Transcribe, word for word and without additions, each line below from the one containing "川崎与浦和激战正酣比分悬念引发球迷热议与期待 川崎与浦和" through the one containing "Tina Fey Husband, Age, Height, Career, Relationships, Net", both ends included.

◆ Working data:
______

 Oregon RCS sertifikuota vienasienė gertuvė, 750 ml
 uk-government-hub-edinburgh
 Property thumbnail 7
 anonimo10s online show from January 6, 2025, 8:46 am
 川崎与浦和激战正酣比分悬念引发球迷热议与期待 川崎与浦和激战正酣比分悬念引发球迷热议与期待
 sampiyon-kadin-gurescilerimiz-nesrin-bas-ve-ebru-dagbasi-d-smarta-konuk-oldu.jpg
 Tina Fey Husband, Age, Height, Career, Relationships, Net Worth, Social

______

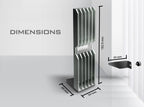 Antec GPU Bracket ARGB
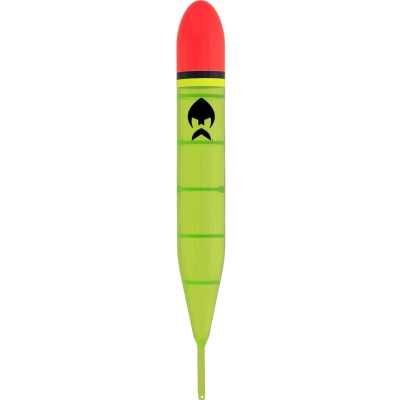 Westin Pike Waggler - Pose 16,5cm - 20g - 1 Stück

______

◆ Exercise output:
 川崎与浦和激战正酣比分悬念引发球迷热议与期待 川崎与浦和激战正酣比分悬念引发球迷热议与期待
 sampiyon-kadin-gurescilerimiz-nesrin-bas-ve-ebru-dagbasi-d-smarta-konuk-oldu.jpg
 Tina Fey Husband, Age, Height, Career, Relationships, Net Worth, Social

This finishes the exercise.